■ Task details: Copy exactly the lines from the line holding "Grote zoekactie in" through the end of the material, and no others; pictures stay out.

■ Dataset content:
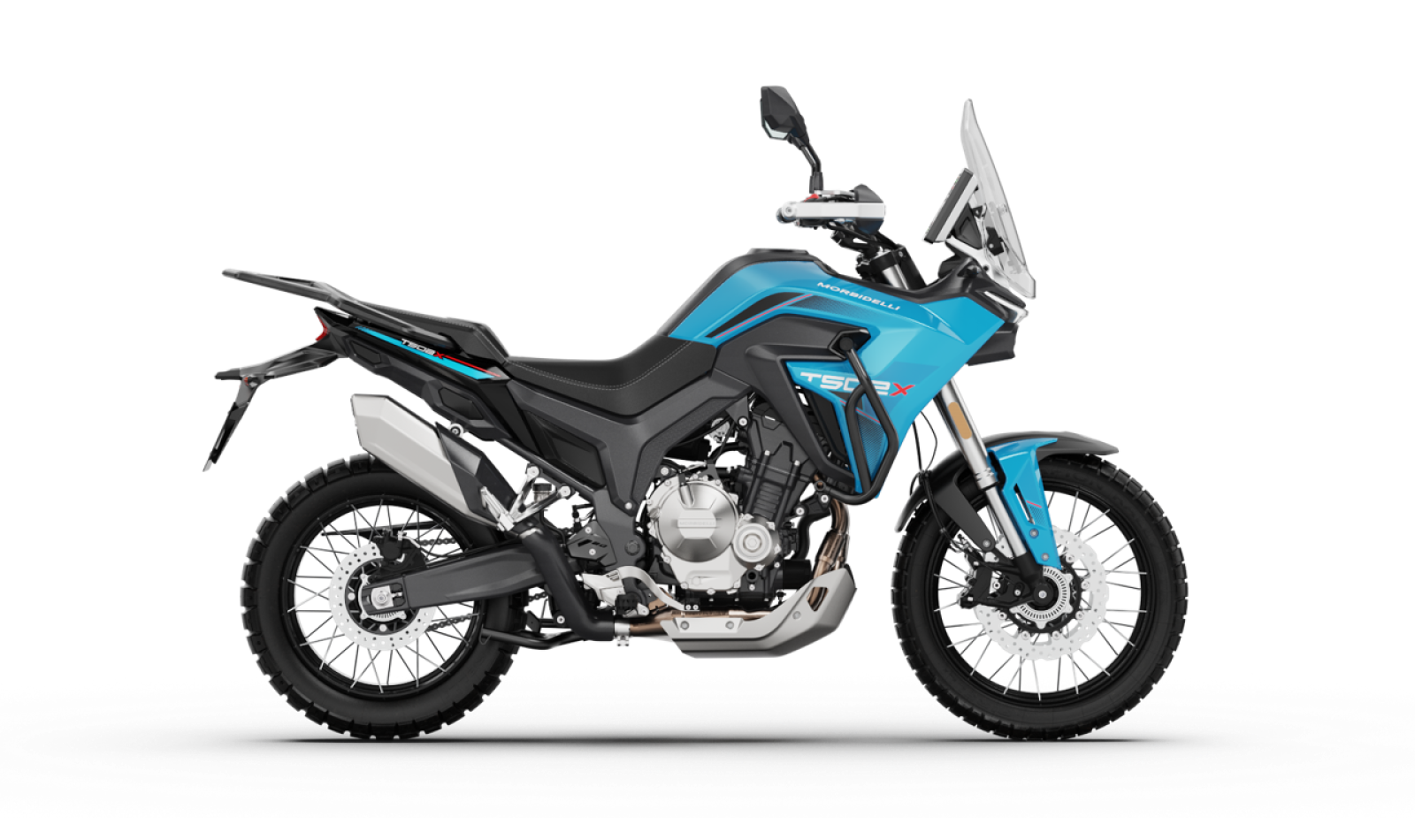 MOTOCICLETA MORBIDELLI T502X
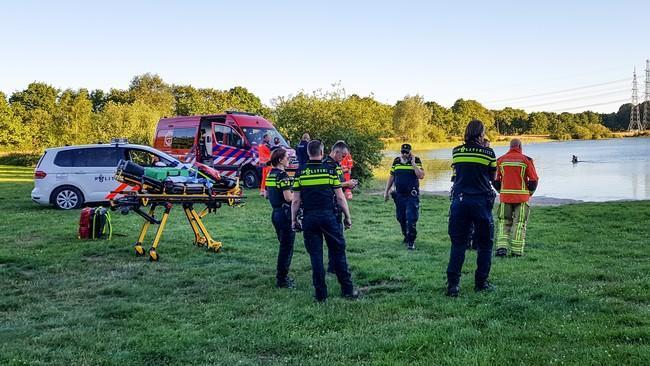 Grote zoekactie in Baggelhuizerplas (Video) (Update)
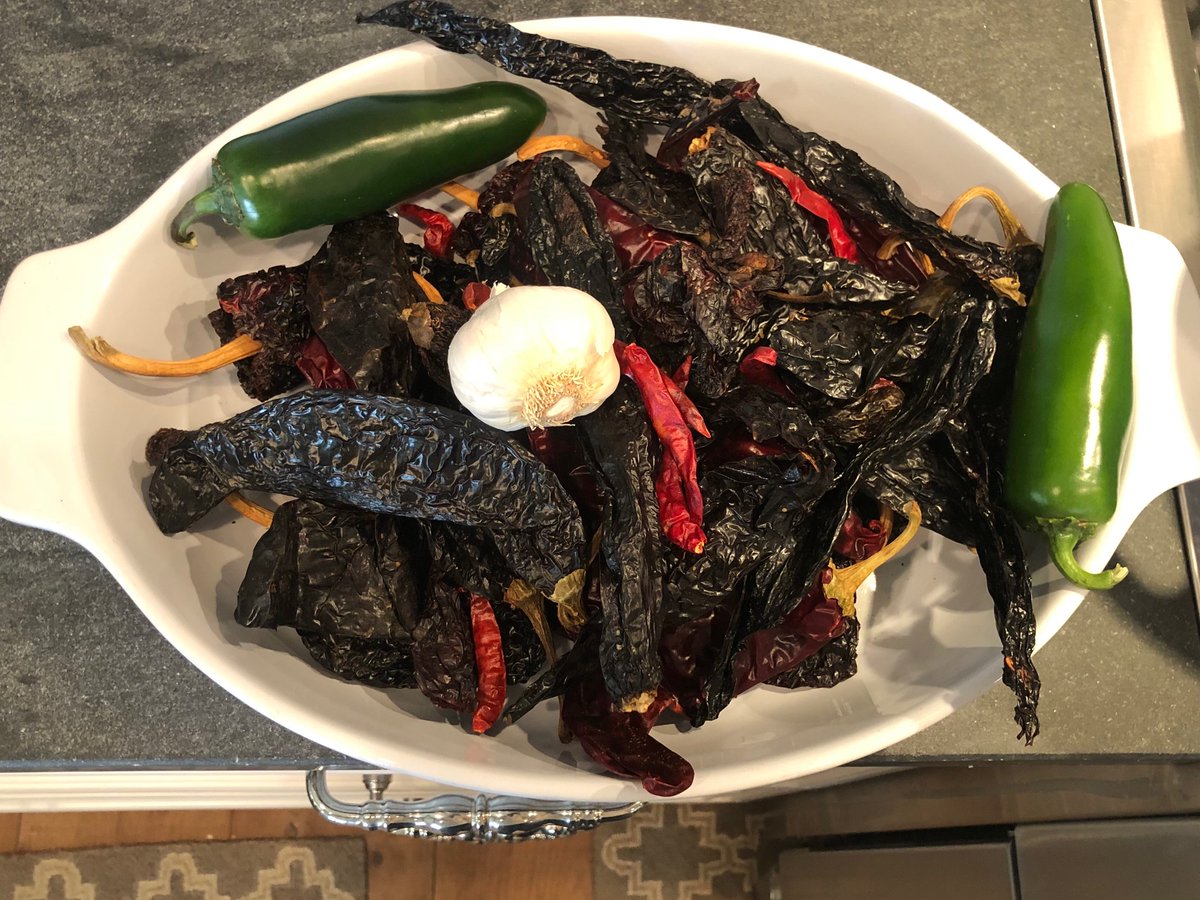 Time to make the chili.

■ Output for this task:
 Grote zoekactie in Baggelhuizerplas (Video) (Update)
 Time to make the chili.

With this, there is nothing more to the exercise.